Fate che, inanzi che il santo padre ne vadi, voi fermiate il vostro santo desiderio, pigliando la santa croce dprima della santità sua; e quanto più tosto, meglio è per lo popolo cristiano e infedele. E fate tosto, senza negligenzia; non prolungate più tempo. Vogliate che piuttosto vi manchi lo tempo nelle cose temporali che nelle spirituali; e spezialmente in questa santa e dolce opera, la quale Dio v'ha posto in mano, e fàvi degno di quello, per sua bontà, che spesse volte suole fare ai grandi servi suoi. Non dico più. Ricordivi, monsignore, che dovete morire, e non sapete quando.

Rimanete nella santa e dolce carità di Dio. Perdonate alla mia presunzione. Gesù dolce, Gesù amore.





238. Al santo padre papa Gregorio XI, mentre che Caterina era in Vignone.

Al nome di Gesù Cristo crocifisso e di Maria dolce.

santissimo padre in Cristo dolce Gesù, la vostra indegna e miserabile figlia Caterina vi si racomanda nel prezioso sangue del Figlio di Dio, con disiderio di vedere adempita la volontà di Dio e il desiderio vostro di vedere levato in alto lo gonfalone e segno della santissima croce.

Lo quale segno pare che la volontà dolce di Dio voglia che voi leviate; e voi so, santissimo padre, che n'avete grandissimo desiderio. Poi che Dio vuole, e voi n'avete buona volontà, pregovi e dicovi per l'amore di Cristo crocifisso che voi non ci siate negligente, ma, se il dolce e buono Gesù vi manda la via e il modo per potere fare lo santo principio, fatelo. Se voi lo farete, Dio prosperarà la Sposa sua; e così andarete dalla guerra alla pace con l'aiutorio divino.

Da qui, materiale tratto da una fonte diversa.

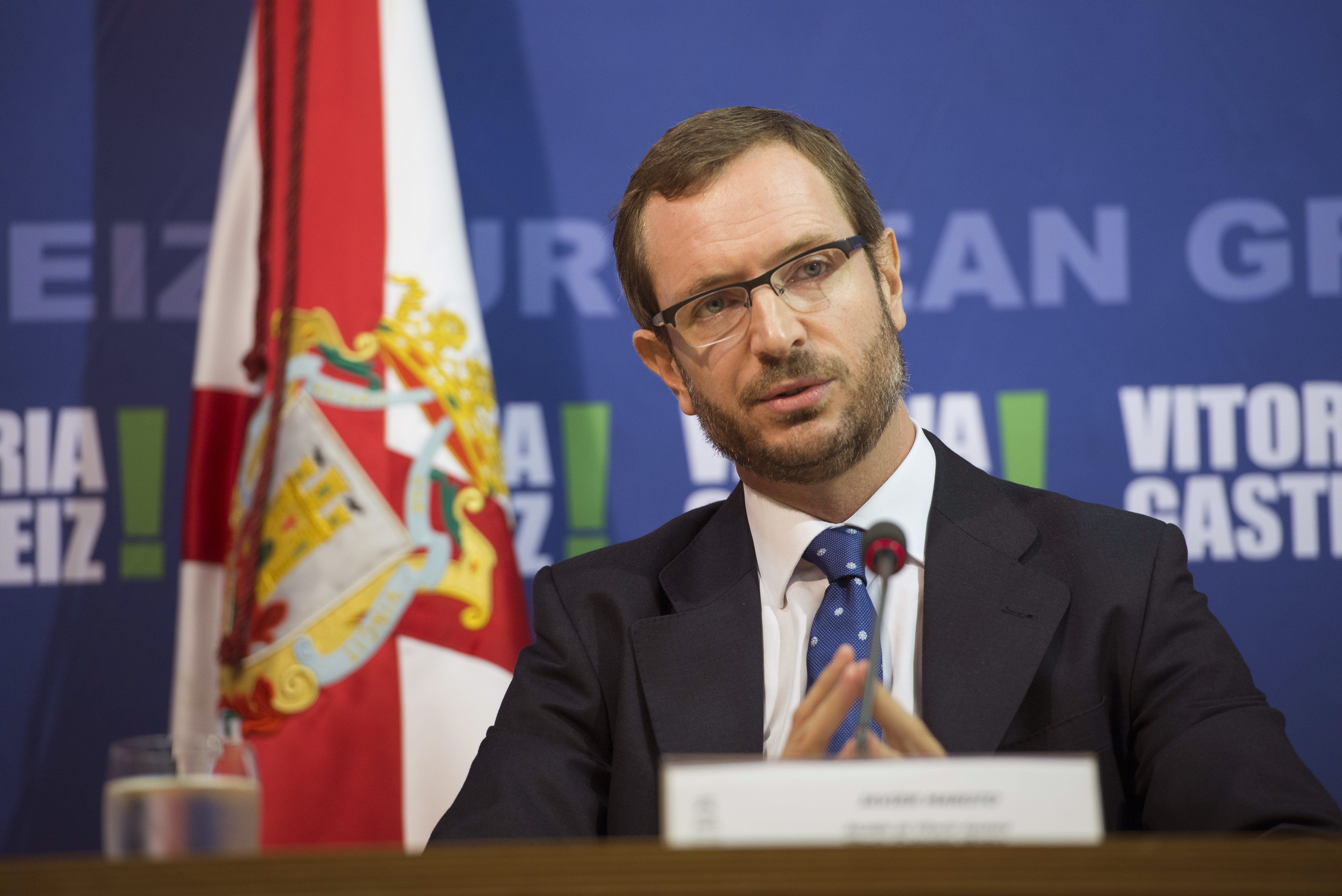 El PP replica a Aznar que Ciudadanos está en el centro-izquierda y apoya al PSOE El PP replica a Aznar que Ciudadanos está en el centro-izquierda y apoya al PSOE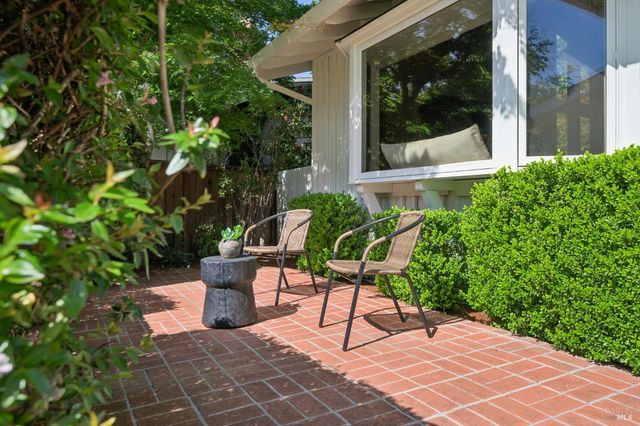 14 Mount Wittenburg Ct, San Rafael, CA 94903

So che mi parbe che voi diceste, quando fui dprima della vostra santità, ch'egli era bisogno d'avere uno principe che fusse buono capo: altrimenti non vedavate lo modo. Ecco lo capo, padre santo: lo duca d'Angiò vuole, per l'amore di Cristo e riverenzia della santa croce, con amoroso e santo desiderio pigliare questa fatica, la quale, per amore ch'egli ha del santo passagio, li pare legiera; dolcissima li parrà, pure che voi, Santissimo babbo mio, vogliate atendare a farlo. Oimé, dolce Dio amore, non indugiate più a mandare in effetto lo vostro desiderio e dolce volontà! Sapiate sapiate tenere i doni e tesori di Cristo, i quali egli vi manda inanzi ora, mentre che avete lo tempo.

Pare che la divina Bontha tre cose vi richiega: dell'una ne ringrazio Dio e la santità vostra, ch'egli ha fermato e stabilito lo cuore vostro, fattovi forte contro le bataglie di coloro che vi voleano impedire, cioè de l'andare a tenere e possedere lo luogo vostro. Godo ed essulto della buona perseveranza che avete avuta, mandando ad effetto la volontà di Dio e il vostro buono desiderio.

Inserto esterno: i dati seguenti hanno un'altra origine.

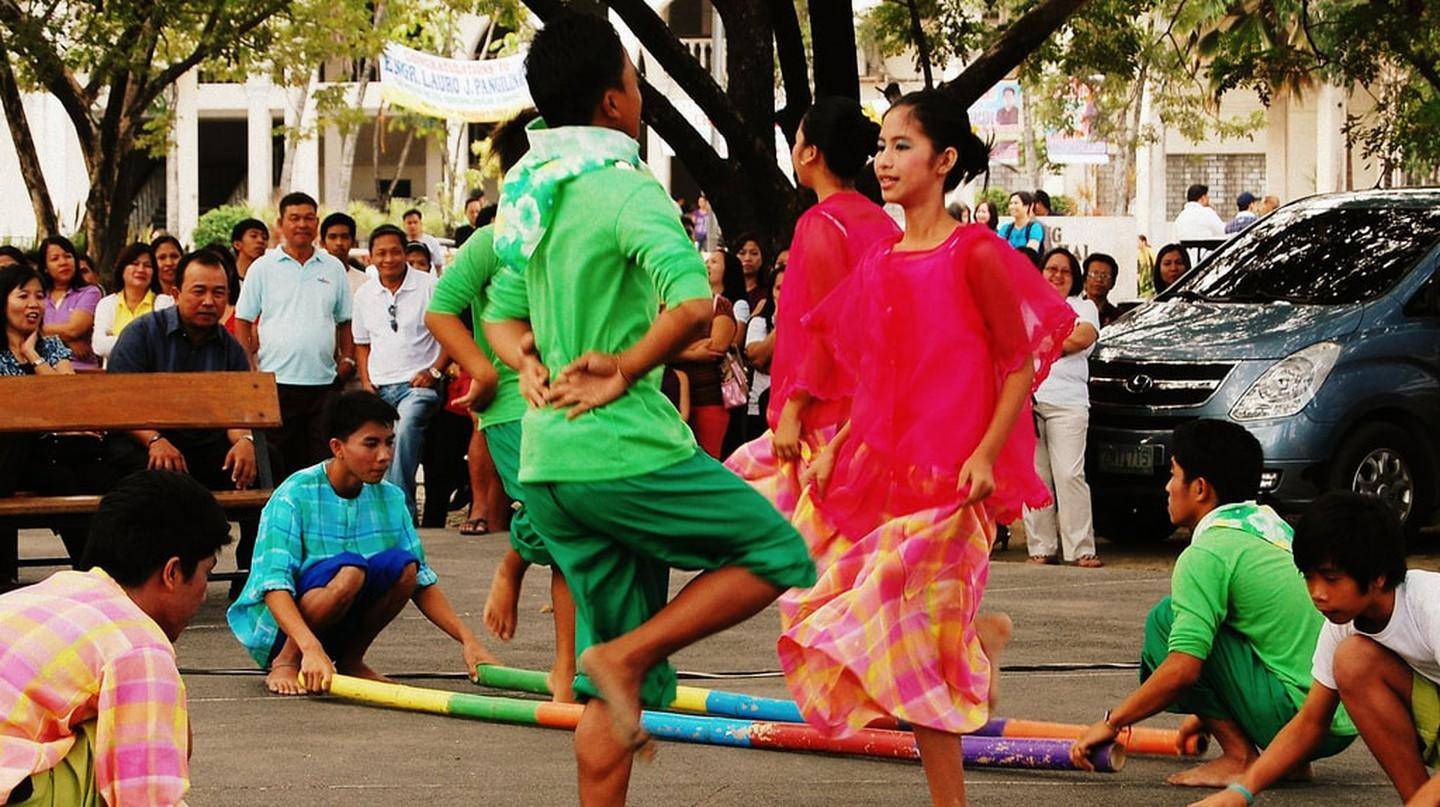 菲律宾的竹竿舞已进入美国教科书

Ora vi prego che voi siate solicito d'adempire l'altre due; poiché, pregando io lo nostro dolce Salvatore per voi, sì come mi mandaste dicendo, manifestando egli ch'io dicessi a voi che voi doveste andare, e io scusando, riputandomi indegna d'essere anunziatrice di tanto misterio, dicevo: «Signore mio, io ti prego che, se egli è la tua volontà ch'egli vada, che tu gli acresca e accenda più lo desiderio suo».

Diceva, per la sua bontà, lo nostro dolce Salvatore: «Digli sicuramente che questo ottimo segno li do che ella è mia volontà ch'egli vada: che, quanti più contrarii li verrano, e più li sarà contradetto ch'egli non vada, più si sentirà cresciare in sé una fortezza che uomo non parrà che li il possa tòllare; che è questo contro il modo suo naturale. Ora ti dico ch'io voglio ch'egli levi la croce santissima sopra l'infedeli, e levila sopra i suditi suoi, ciò sonno quelli che si pasciono e notricano nel giardino della santa Chiesa, che sonno ministratori del sangue mio. Dico che sopra costoro voglio ch'egli levi la croce, cioè in perseguitare i vizii e i difetti loro».

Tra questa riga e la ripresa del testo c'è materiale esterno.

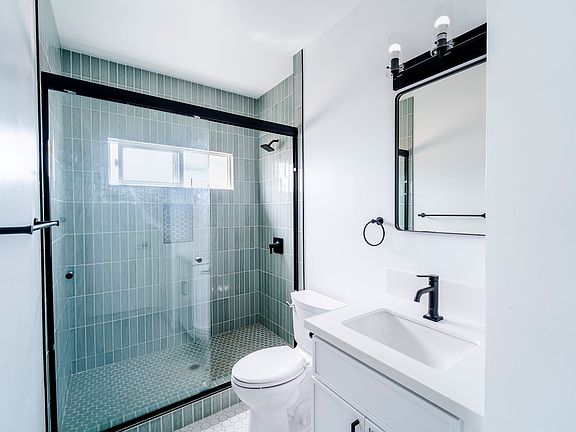 3rd image of 2860 Webster Ave #2858-201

Divelto lo vizio, è piantata la virtù, ponendo questa croce in mano di buoni pastori e rettori della santa Chiesa. E se non ci ha dei fatti, vuole che, quelli che sonno a fare, voi miriate che sieno buoni e virtuosi, che non temano la morte del corpo loro. Non vuole Dio che si raguardi a li stati e alle grandezze e alle pompe del mondo - poiché Cristo non ha conformità con loro -, ma solo alla grandezza e richezza della virtù. A questo modo i buoni, con l'affetto della croce, perseguitaranno i vizii dei cattivi.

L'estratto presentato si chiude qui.